The New Deal was a plan hatched by the new President FTR in response to the widening depression in America. With almost a quarter of the work force unemployed, he knew that jobs must be created to get the economy moving again. With so many people out of jobs, the consumer based market did not have enough money flow to buy all of the mass production, so many factory workers were laid off. With the laid off workers purchasing power gone, there was less demand for goods and the process was repeated.

FDR’s ideas were to get Americans working and believing in the system again. Money was not insured back then, so when a bank flopped, all the depositor’s money was gone with it. He tried to gain consumer confidence in the banks once more, so he closed them down and bailed out many that were making sound business practices.
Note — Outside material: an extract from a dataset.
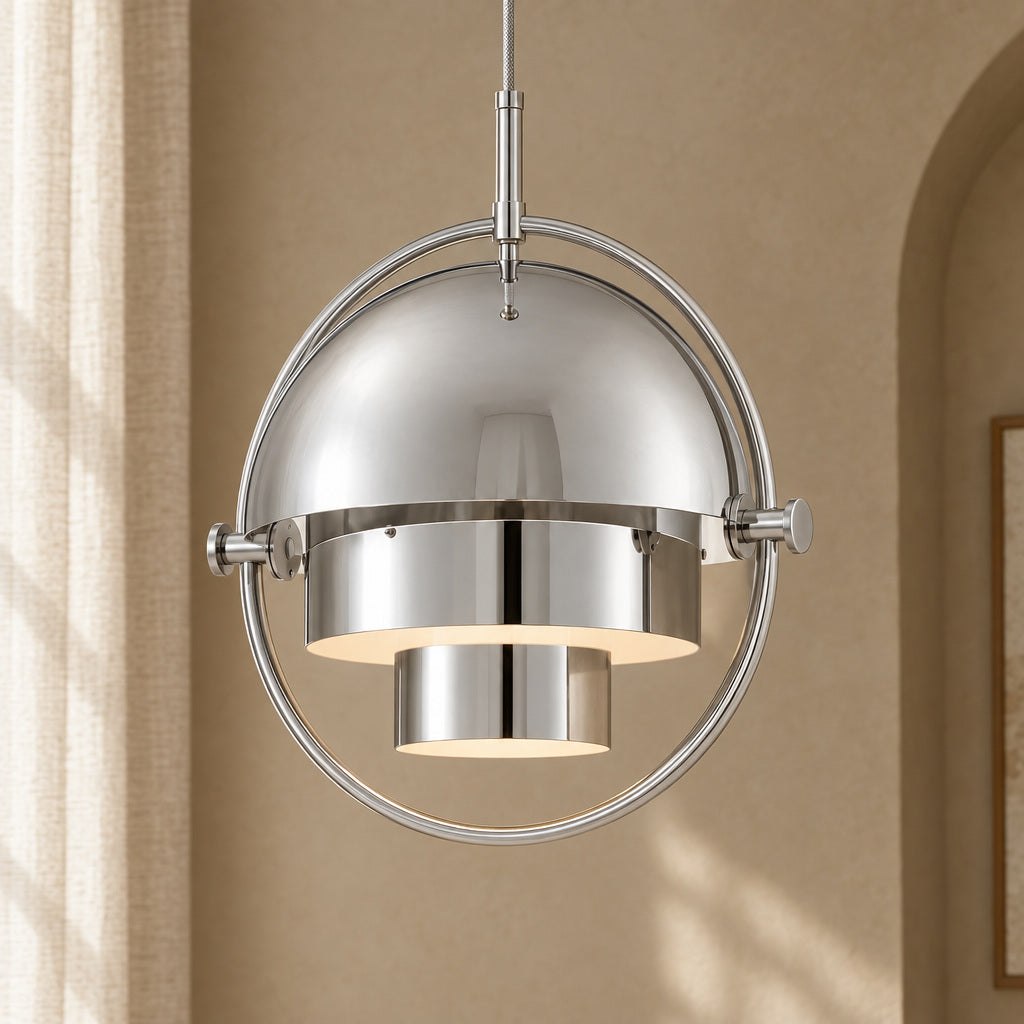 Pendellampa med formbar metallskärm – Forma – silverfärgad / Ø 38 cm / varmvitt – produktfokuserad miljöbild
He also started to insure depositor’s money up to 2500 dollars to get more people to put their money back in the banks. This gave the banks the opportunity to stop restricting loans and get the economy rolling and more money in the capitalist flow.

Many jobs were created by the president in multiple sectors, but more importantly, infrastructure was improved with was badly needed in the cities with the 1920’s influx to big cities. Jobs ranged from roads and utilities, to preservations like dams and reforestation. This was believed to be better than hand-outs because the men would keep their dignity and pride in the face of the failed economy.
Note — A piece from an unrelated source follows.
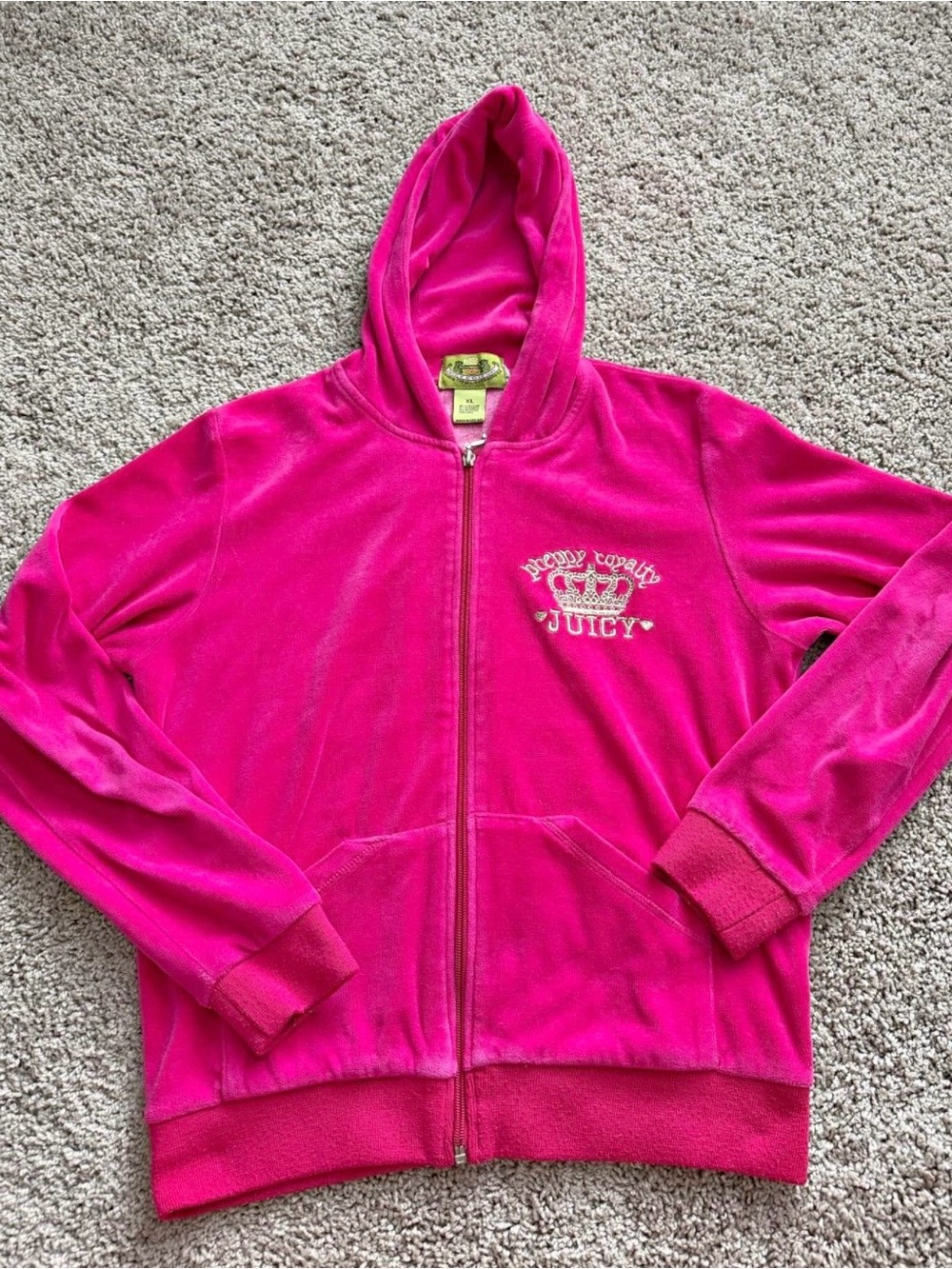 Authentic Juicy Couture Y2K Velour Sweater — Kids XL, Fits Women S/M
He tried to help farmers by subsidizing their income if they agreed to limit production, to help drive the rates back up to a livable income for them. Although it helped some of the bigger more commercialized farmers, smaller farmers could not match production and were eligible for subsidizing money. Many of the share croppers were dismissed from work as the acreage they were working was decommissioned in lieu of the government’s money, putting many of the most vulnerable farmers out of work.
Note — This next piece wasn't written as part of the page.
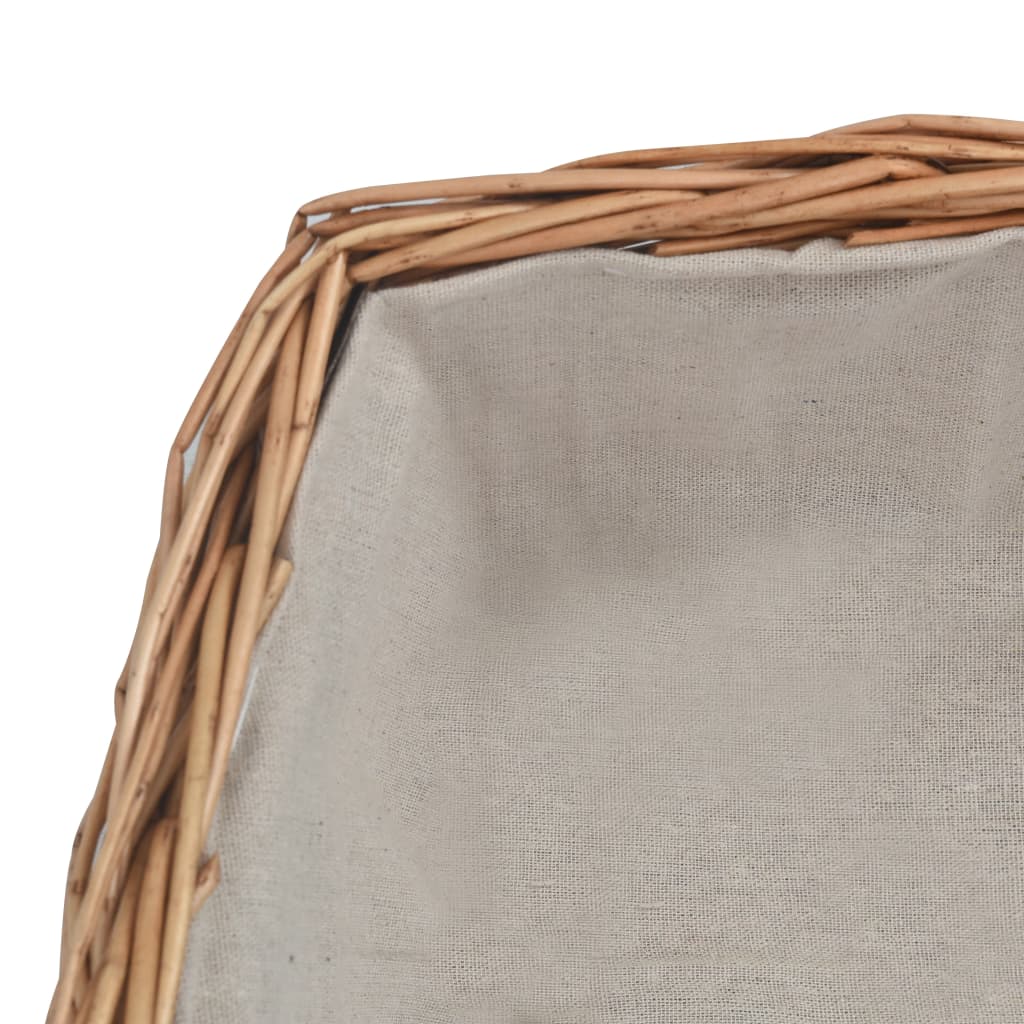 Holzkorb Mit Tragegriff 61,5 × 46,5 × 58 Cm Braun Weide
He once again tried to impose the ideas of the progressive era, allowing the reorganization of unions. President Roosevelt also suspended anti-trust laws and tried to establish livable wages. Big business at this point had made monopolies of many industries and the President was attempted to get prices back down to more affordable levels, instead of the small few who ran the industry forcing prices up. Big business had grown used to the deregulation of the 1920’s however, and they fought all changes that affected their bottom line.